This week has been a challenging one for me. Monday morning, I received a text message that there was a new wildfire near my home, The Silverado Fire, and to be on alert. So throughout the morning, I kept working with one eye on the reports and maps showing the fire’s progress. The wind was roaring Monday in gusts up to 60MPH. It’s a local condition we call the Santa Ana Winds, but the good news was the Santa Ana’s were blowing the fire away from my house.
Unfortunately, shifting winds are not always just a metaphor. Sometimes shifting winds just mean shifting winds. And at about 3 pm Monday, the winds shifted, and fire came roaring toward my sleepy little community of Foothill Ranch. The emergency text message arrived shortly later that we were under a mandatory evacuation order.
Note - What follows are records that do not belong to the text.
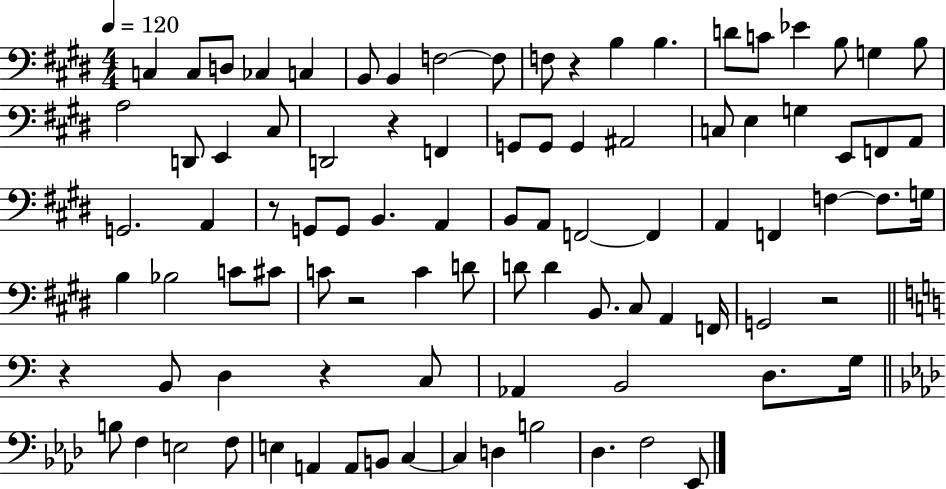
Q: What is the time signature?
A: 4/4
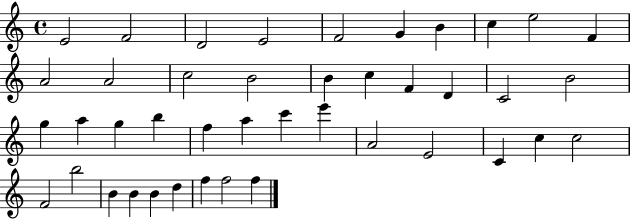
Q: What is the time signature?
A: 4/4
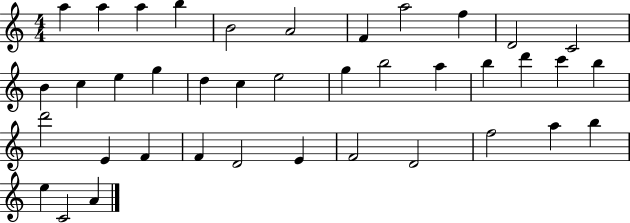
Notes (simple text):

A5/q A5/q A5/q B5/q B4/h A4/h F4/q A5/h F5/q D4/h C4/h B4/q C5/q E5/q G5/q D5/q C5/q E5/h G5/q B5/h A5/q B5/q D6/q C6/q B5/q D6/h E4/q F4/q F4/q D4/h E4/q F4/h D4/h F5/h A5/q B5/q E5/q C4/h A4/q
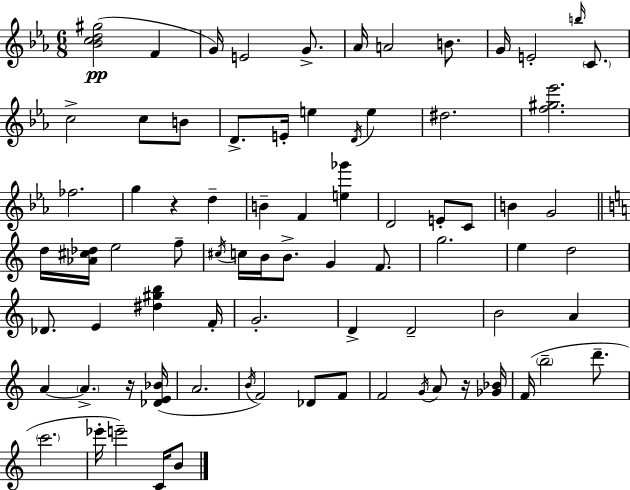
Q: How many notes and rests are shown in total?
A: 78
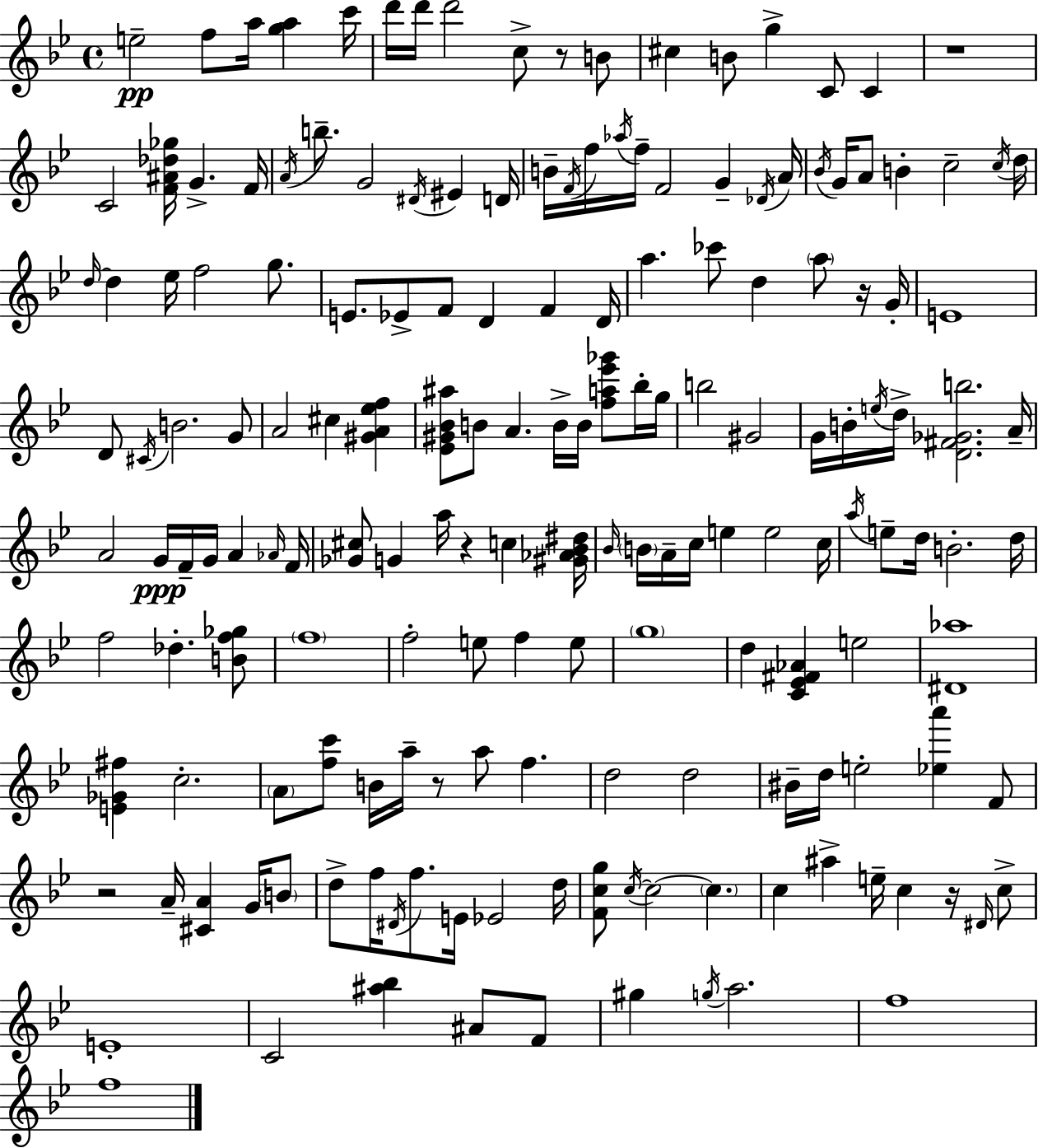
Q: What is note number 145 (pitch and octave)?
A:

The fire hadn’t arrived yet, but it was on the way. So all of my podcasts and blog posts about backups paid off. We packed up a few valuables, pictures, and hard drives and took off. I can tell you that the experience of evacuating your neighborhood while everyone else is also evacuating your neighborhood is pretty surreal. Everyone is packing their cars, smiling and acting like they aren’t worried while they are, in truth, all a little terrified. The smoke and ash were already blowing in, and police cars were driving up and down the street, blasting warnings to evacuate. Everybody was a bit on edge.
We stayed with family Monday night and watched some scary news coverage. I live in a tract of homes in the foothills. They were built with fires in mind. Our roofs are fire-resistant. We keep the brush cleared around our little community’s perimeter like some sort of ancient fire moat. The California firefighters are pros and understand wildfires. There isn’t a lot they can do when it is burning through open land. However, when it gets near homes, they have a tremendous arsenal of fire fighting tools. So the fire burned around the perimeter of our community Monday night. The park where I take my dog caught on fire, and to the extent a park can burn down, it burned down. However, no homes were lost. All was good.
We returned home yesterday only to find more shifting winds and more evacuation orders. We had another long night last night, but again, no homes were lost while the Silverado fire continues to linger in the neighborhood. We are once again with family, hoping we can get back home today. My family and home are safe, and the fire is very unlikely to pick my little tract home as the one it takes out.
We are very fortunate, and California firefighters are very good. Everyone in my community is safe. None of the houses in my community were lost. I can’t help but feel that if this fire’s siege of my community hasn’t broken through in two days, it’s not going to break through. The mandatory evacuation order is still in place, but we’re hoping it gets lifted later today. I just want to get back home, take a nap, and resume something close to normal life. Thanks for all the kind tweets and emails. I haven’t responded to many of them, but I appreciate them all.